La tercera alusión que acabo de hacer aporta uno de los tantos ejemplos de la lumpenización de la militancia política en las generaciones de postdictadura: una violenta pelea entre dos agrupaciones de izquierda que se habían aliado exitosamente para ganar el centro de estudiantes, pero que se enfrentaron, muy poco después, simplemente por negocios: el control de la fotocopiadora. Ocurrió en el Instituto Superior del Profesorado Joaquín V González, en la ciudad de Buenos Aires, el 9 de marzo de 2006. En la contienda, un joven ¨militante¨ sacó un arma de fuego, otro fue inmovilizado en el piso mientras varios le propinaban fuertes patadas y terminó internado, con costillas rotas.

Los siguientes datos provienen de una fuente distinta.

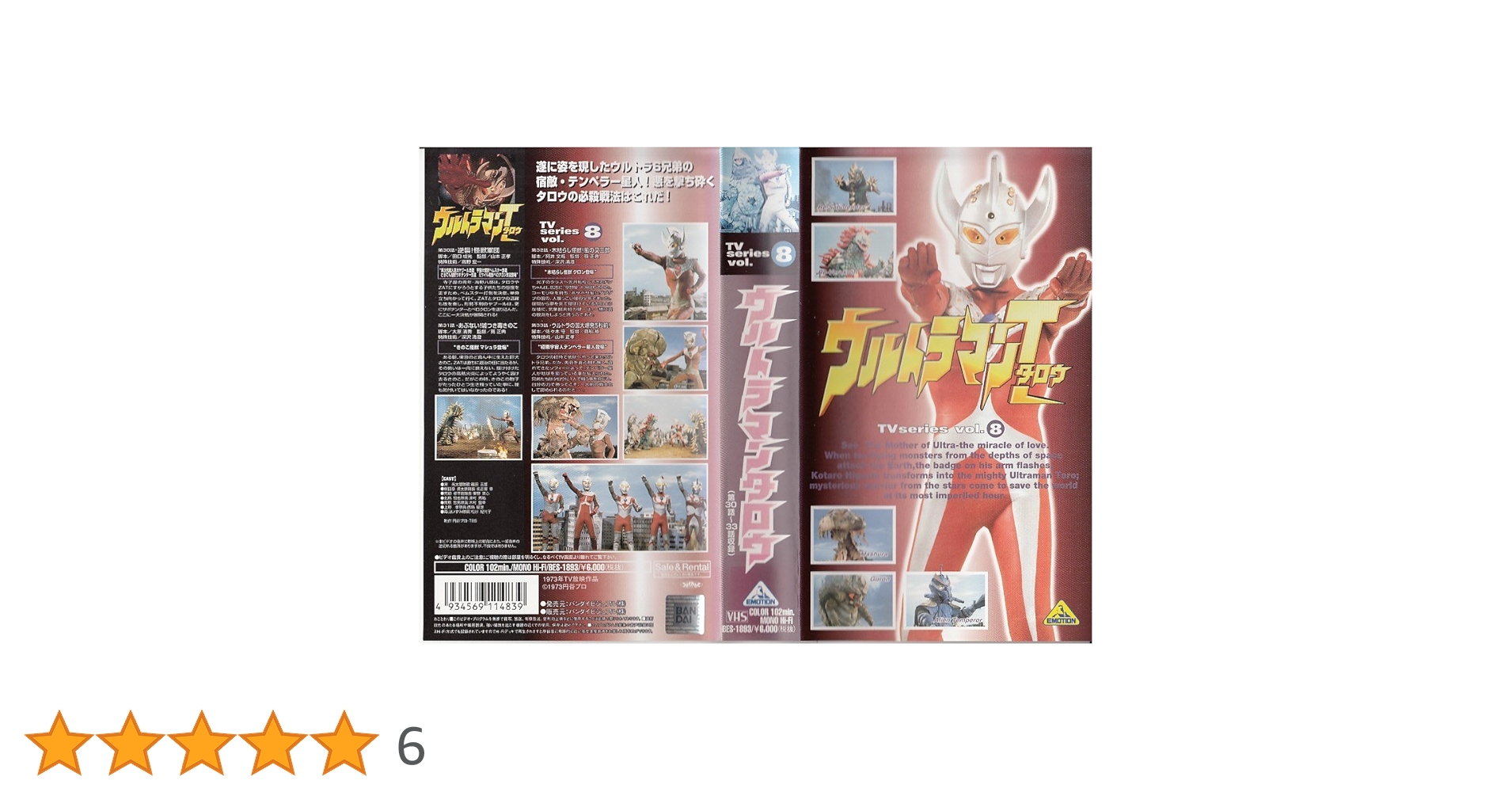 Amazon.co.jp: ウルトラマンタロウ(8) [VHS] : 特撮(映像), 特撮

No hubo muertos, tal vez porque se interpuso (con valentía inusual en estos tiempos) una rectora o vicerrectora de la casa, que también fue derribada de un empujón; pero es probable que esta aparición adulta que se atrevió a decir ¨basta¨, este acto de autoridad y responsabilidad de un integrante de la generación de mando y predominio que renuncia a la ¨rebeldía eterna¨ (infrecuente entre los progresistas que ocupan lugares directivos en la enseñanza superior) haya sido lo que evitó una tragedia.

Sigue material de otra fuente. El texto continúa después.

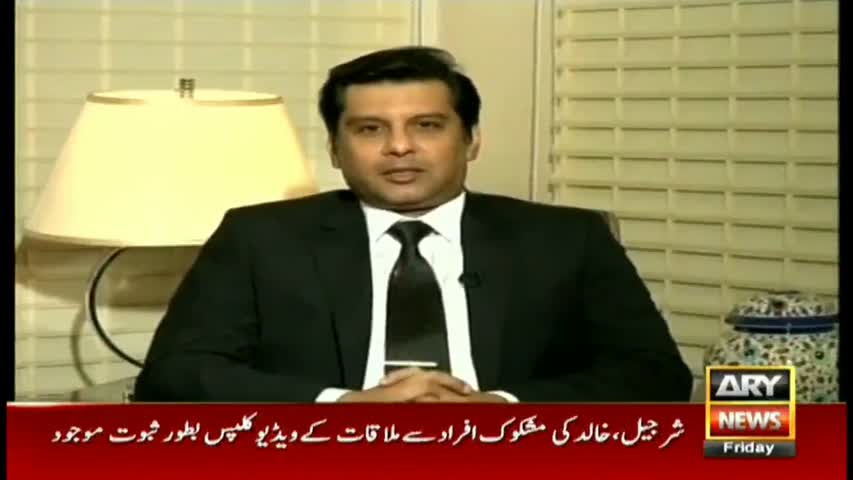 Power Play 10th February 2017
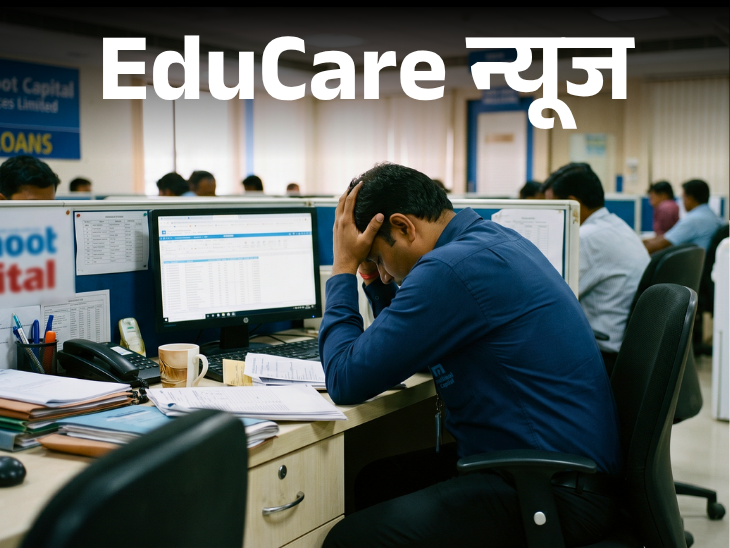 सैलरी मांगों तो इंवेस्टिगेशन का हवाला:नौकरी छोड़ने पर बड़ी कंपनियां नकार रहीं FNF; क्‍या हैं कर्मचारियों के अधिकार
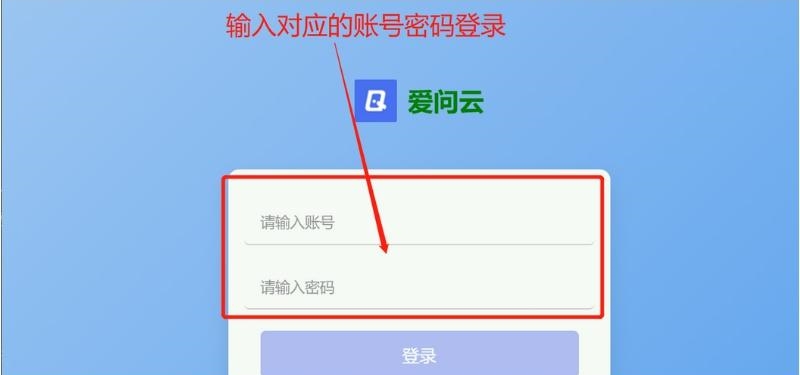 爱问云怎么录屏幕视频?爱问云录屏幕视频的方法_wishdown.com 爱问云怎么录屏幕视频?爱问云录屏幕视频的方法_wishdown.com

De todos modos, cuando el consejo superior intentó continuar por esta vía, y tomar medidas contra el alumno que sacó el arma de fuego, las organizaciones de izquierda y los profesores ¨izquierdistas¨ de la generación de mando y predominio, unieron sus voces contra lo que denominaron ¨autoritarismo¨y ¨actitudes fachas¨. La institución no logró castigar, probando una vez más que la derrota que significó la última dictadura no solamente arrasó con el campo popular entre 1976 y 1983: arrasó con conceptos enteros. En términos voloshinovianos, palabras como ¨orden¨, ¨respeto¨ y ¨autoridad¨(que tenían, y pueden volver a tener, un sentido completamente distinto del orden de los cementerios, el respeto por temor a la autoridad despótica) fueron apropiadas por la reacción, que hoy dicta sus significados también para los izquierdistas. Hemos sido incapaces hasta ahora de disputar estas palabras a la derecha, de recuperar nuestra propia versión del orden como consenso indispensable para realizar tareas productivas, el respeto como consideración a quien se lo gana y la autoridad como productora del respeto crítico, tres componentes imprescindibles para el éxito de una empresa colectiva.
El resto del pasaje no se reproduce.